Sunday was forecast to be beautiful so we planned to meet around 10:00 AM for the two hour top down drive. The automated routemakers from Google and Garmin wanted us to drive the fast way but I had other ideas. We headed up Route 8 to Winsted, then west-northwest through the corner of Connecticut and into New York.
With less than three miles to go and no other automotive aerodrome traffic in site my GPS turned us onto a neighborhood street which quickly became a gravel road. Before Harvey and I could get a handle on what was going on the gravel turned back to pavement and a small sign assured us we were on the right path.
Old Rhinebeck Aerodrome is what the Smithsonian Air and Space Museum might aspire to, if it could just use the Washington Mall as a runway!
Rhinebeck is a museum of the living. Its home is an idyllic strip of land nestled between the trees. A few handfuls of very old planes sit adjacent to a grass runway. These planes fly!
I walked to a cotton rope which separated the hoi polloi from the exhibits. A man dressed as a mechanic circa 1935 said I could come in and take some photos.
Good God, flying was different back then. These planes were simple–yet intricate. Simplicity meant a minimum of adjustments and controls.

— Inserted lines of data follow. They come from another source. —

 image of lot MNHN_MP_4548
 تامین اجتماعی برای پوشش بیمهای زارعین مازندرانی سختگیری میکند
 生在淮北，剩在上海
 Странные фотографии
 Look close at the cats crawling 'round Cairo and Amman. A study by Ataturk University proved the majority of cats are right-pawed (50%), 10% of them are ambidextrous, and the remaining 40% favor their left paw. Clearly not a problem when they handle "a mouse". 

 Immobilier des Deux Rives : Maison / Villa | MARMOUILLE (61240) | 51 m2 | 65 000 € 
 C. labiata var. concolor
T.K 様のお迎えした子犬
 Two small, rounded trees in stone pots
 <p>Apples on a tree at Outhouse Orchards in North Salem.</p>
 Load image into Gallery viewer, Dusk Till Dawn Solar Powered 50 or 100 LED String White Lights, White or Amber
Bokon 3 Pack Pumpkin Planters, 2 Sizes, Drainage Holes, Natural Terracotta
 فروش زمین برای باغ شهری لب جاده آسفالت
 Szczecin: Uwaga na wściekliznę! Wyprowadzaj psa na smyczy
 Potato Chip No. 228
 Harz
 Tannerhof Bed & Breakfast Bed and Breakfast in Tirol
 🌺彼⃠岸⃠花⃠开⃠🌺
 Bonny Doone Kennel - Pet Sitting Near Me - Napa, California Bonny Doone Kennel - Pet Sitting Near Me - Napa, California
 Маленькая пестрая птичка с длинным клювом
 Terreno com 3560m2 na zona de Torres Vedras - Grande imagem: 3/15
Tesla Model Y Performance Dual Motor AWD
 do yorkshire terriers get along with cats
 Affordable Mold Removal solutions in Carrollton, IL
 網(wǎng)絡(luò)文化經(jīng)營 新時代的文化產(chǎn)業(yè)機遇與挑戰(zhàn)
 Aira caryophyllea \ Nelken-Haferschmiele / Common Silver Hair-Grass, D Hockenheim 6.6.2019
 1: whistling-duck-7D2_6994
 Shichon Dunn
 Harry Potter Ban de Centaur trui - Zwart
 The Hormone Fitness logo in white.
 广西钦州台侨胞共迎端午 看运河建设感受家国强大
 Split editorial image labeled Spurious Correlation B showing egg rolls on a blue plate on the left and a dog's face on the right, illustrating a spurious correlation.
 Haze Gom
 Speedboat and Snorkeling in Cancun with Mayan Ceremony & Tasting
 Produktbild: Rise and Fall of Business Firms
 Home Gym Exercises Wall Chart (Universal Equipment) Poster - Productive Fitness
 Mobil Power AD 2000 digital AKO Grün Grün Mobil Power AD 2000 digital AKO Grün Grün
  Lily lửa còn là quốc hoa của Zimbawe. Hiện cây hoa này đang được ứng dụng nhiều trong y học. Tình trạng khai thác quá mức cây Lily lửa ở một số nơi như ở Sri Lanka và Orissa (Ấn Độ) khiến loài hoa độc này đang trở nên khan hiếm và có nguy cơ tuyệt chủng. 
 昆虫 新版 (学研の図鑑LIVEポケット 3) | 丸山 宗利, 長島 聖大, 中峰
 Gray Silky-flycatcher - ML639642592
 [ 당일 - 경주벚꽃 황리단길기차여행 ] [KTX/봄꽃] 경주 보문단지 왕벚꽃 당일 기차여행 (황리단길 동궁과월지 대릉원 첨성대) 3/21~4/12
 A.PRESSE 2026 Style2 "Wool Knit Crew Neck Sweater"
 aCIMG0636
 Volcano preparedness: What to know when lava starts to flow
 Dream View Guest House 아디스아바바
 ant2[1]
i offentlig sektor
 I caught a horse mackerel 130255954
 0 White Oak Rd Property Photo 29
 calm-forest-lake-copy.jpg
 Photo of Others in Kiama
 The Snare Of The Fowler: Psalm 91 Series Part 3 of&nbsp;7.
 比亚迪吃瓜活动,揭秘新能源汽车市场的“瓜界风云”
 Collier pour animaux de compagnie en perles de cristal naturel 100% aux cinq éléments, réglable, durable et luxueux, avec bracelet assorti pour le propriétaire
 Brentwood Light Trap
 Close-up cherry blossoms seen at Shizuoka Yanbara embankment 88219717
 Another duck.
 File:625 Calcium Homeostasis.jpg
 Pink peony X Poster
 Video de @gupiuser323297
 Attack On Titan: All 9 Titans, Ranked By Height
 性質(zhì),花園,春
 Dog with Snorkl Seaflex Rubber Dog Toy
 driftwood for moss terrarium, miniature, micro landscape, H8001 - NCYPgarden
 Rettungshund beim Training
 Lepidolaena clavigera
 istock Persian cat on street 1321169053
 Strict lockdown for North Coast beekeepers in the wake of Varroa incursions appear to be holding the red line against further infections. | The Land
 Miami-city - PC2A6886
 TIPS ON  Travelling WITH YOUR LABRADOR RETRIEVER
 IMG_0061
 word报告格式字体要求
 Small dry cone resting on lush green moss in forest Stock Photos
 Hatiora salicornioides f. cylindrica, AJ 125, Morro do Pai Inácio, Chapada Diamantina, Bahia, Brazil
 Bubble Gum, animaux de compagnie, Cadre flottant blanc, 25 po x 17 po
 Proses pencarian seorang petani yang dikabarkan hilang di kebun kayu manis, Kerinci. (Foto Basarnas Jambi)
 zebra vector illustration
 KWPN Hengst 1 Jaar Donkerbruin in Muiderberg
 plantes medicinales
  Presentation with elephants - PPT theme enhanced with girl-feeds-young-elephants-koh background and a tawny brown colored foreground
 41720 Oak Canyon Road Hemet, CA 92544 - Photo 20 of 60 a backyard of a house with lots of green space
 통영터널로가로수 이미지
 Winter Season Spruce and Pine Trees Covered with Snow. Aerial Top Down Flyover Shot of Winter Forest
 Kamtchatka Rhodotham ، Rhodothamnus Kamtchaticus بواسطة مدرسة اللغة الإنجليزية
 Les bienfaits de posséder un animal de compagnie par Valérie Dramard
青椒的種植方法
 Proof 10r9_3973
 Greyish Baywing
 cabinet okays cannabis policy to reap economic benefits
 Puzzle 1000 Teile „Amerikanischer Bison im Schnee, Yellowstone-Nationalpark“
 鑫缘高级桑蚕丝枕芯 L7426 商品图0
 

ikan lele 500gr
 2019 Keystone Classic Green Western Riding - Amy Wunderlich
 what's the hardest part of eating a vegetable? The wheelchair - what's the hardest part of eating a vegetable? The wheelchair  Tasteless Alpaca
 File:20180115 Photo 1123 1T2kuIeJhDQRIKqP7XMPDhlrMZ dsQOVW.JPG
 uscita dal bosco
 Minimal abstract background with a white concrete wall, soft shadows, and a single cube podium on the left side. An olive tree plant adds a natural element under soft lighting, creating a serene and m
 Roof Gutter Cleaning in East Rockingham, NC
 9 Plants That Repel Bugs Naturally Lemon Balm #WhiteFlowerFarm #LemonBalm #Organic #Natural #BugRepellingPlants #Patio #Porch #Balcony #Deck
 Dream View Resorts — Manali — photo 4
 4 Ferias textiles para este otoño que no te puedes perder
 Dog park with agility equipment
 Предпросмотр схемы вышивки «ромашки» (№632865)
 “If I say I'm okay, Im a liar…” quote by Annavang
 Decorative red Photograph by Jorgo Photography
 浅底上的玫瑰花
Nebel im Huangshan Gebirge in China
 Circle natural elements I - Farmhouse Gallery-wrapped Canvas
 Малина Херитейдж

What was intricate were the cables and spars and fasteners that held it all together.
Safety was never a design consideration. Pilots were outside and exposed to everything the plane had to take.
For $65 I got to climb into a 1937 New Standard D25 and fly a few circuits over the Hudson Valley.
I have flown in everything from an F/A-18 to an ultralight. This was a totally new experience.
With four passengers and a lone pilot the plane taxied to the end of the runway and up a tiny rise. That little molehill provided a extra speed for our lazy takeoff. On this calm day there was more connection to the atmosphere than I expected as we clumsily lurched skyward.
Beautiful doesn’t begin to describe our view. We flew low and slow toward the Kingston-Rhineclif Bridge. The sky was blue. The air was warm. Beneath us were farms and the huge homes of rich city folk who sometimes bought them. There were mountains in the distance in nearly every direction.
It was loud in the open cockpit–and windy! I held Clicky tight, wrapping its strap around my arm.
The trip didn’t last much more than 10 minutes, but that was enough. I was convinced.
At 2:30 Rhinebeck held an airshow. Imagine an assisted living facility talent show… but for airplanes!
One-by-one small crews of men gingerly coaxed the engines to fire. There was smoke as propellers began to spin. Sometimes the engines made it clear by their sound there was only so much they were willing to do! The planes taxie to the runway’s end, turned and then ran toward takeoff.
For the oldest few takeoff meant a few feet up before setting back onto the turf. I heard someone say they don’t fly “higher than the pilots would want to fall.”
Most rolled down the runway at full throttle then eased off the ground and over the trees.